Task brief: Word for word, give the data again without its pictures.

═══ Exercise inputs ═══

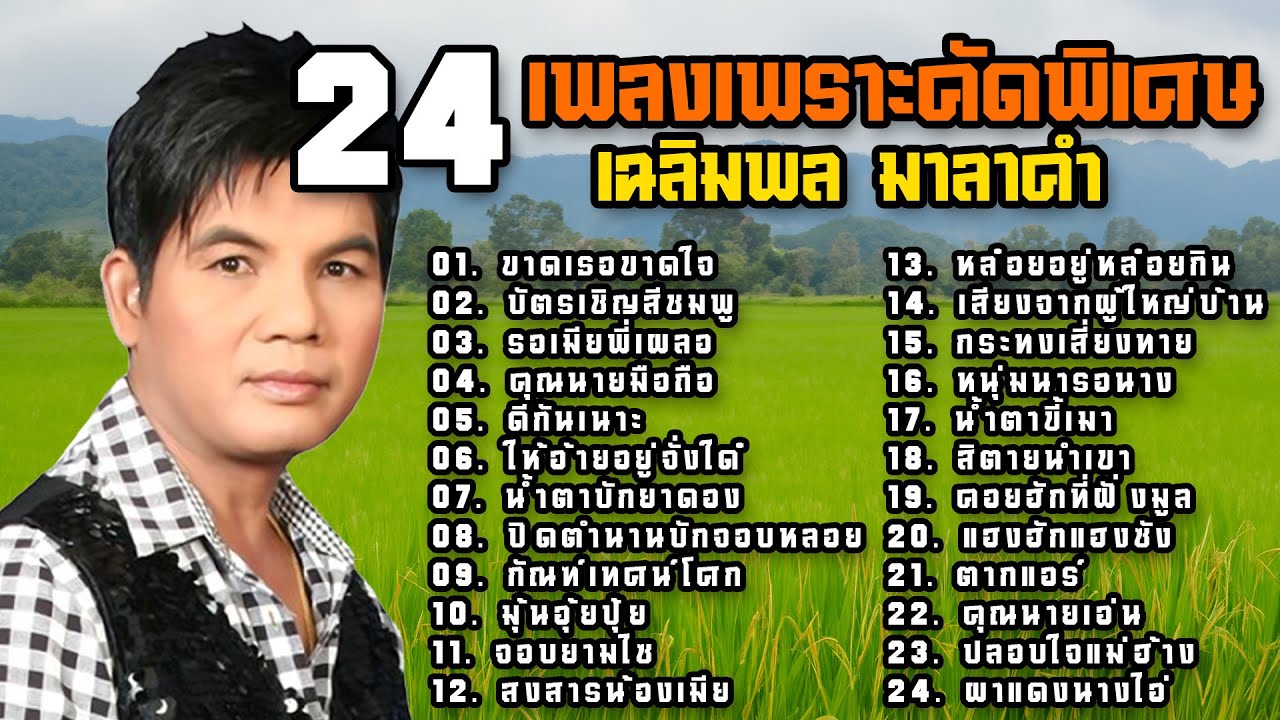 24 เพลงเพราะคัดพิเศษ เฉลิมพล มาลาคำ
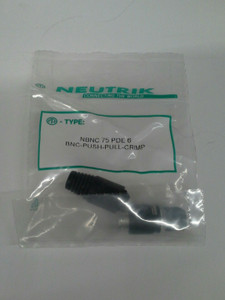 Neutrik NBNC75 PDE6 BNC cable connector, Lot of 10 Pieces Neutrik NBNC75 PDE6 BNC cable connector, Lot of 10 Pieces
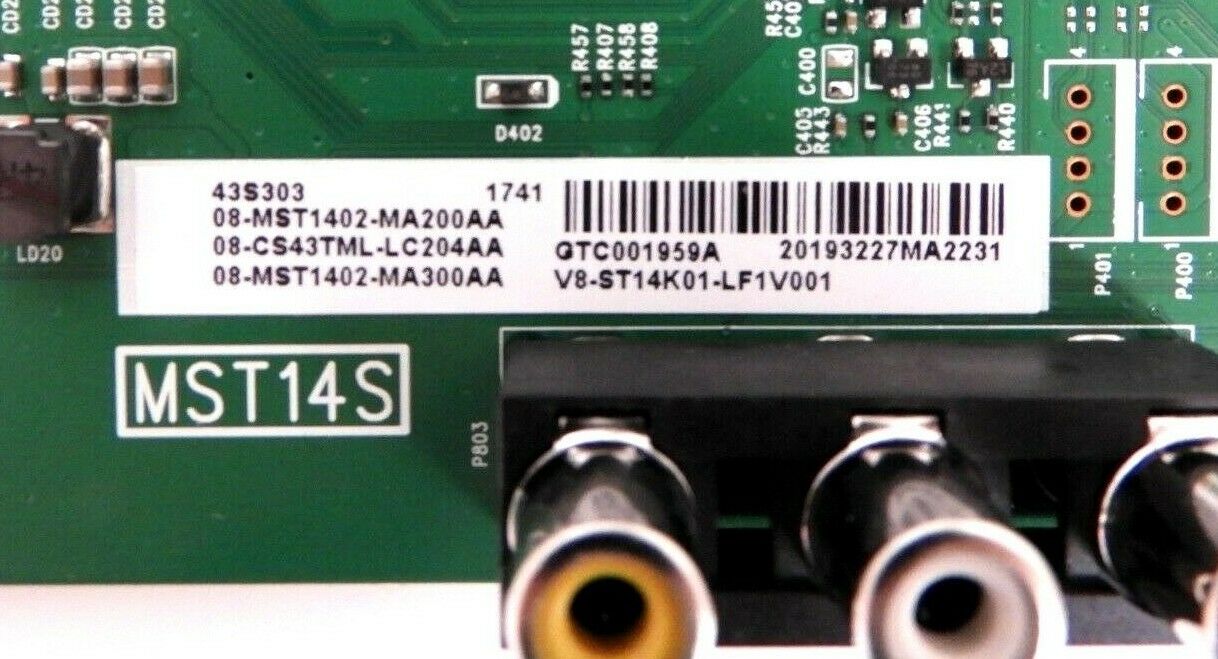 TCL 43S303 Main Board 08-CS43TML-LC204AA , 08-MST1402-MA200AA , 08-MST1402-MA300AA - Image 2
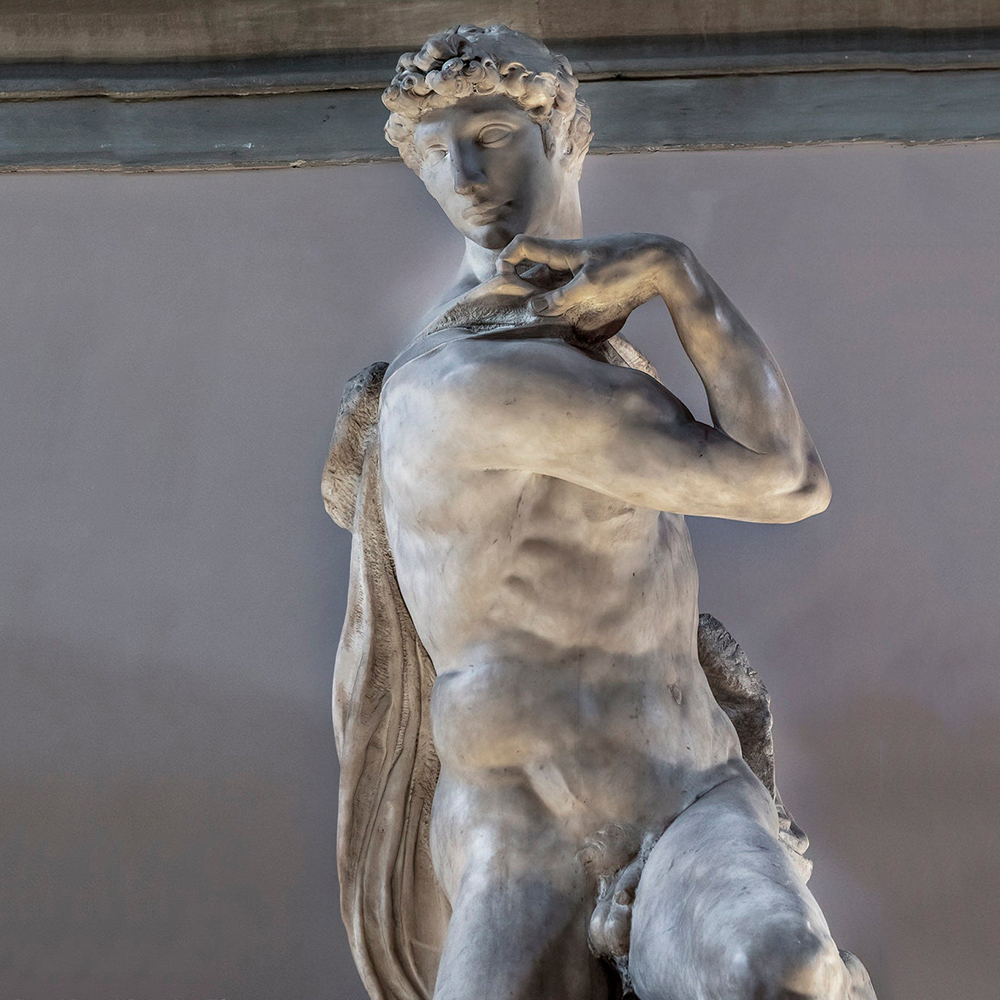 The Genius of Victory sculpture detail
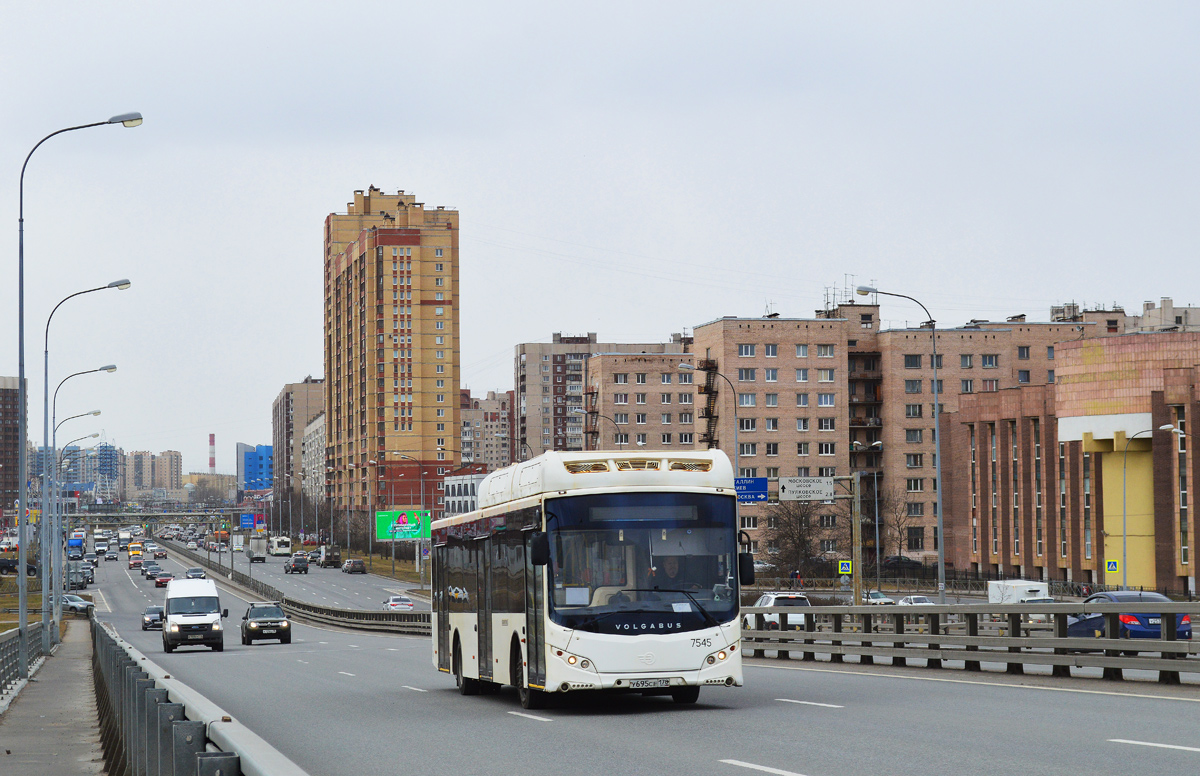 Санкт-Петербург, Volgabus-5270.G2 (CNG) № 7545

═══

Answer below:
 24 เพลงเพราะคัดพิเศษ เฉลิมพล มาลาคำ
 Neutrik NBNC75 PDE6 BNC cable connector, Lot of 10 Pieces Neutrik NBNC75 PDE6 BNC cable connector, Lot of 10 Pieces
 TCL 43S303 Main Board 08-CS43TML-LC204AA , 08-MST1402-MA200AA , 08-MST1402-MA300AA - Image 2
 The Genius of Victory sculpture detail
 Санкт-Петербург, Volgabus-5270.G2 (CNG) № 7545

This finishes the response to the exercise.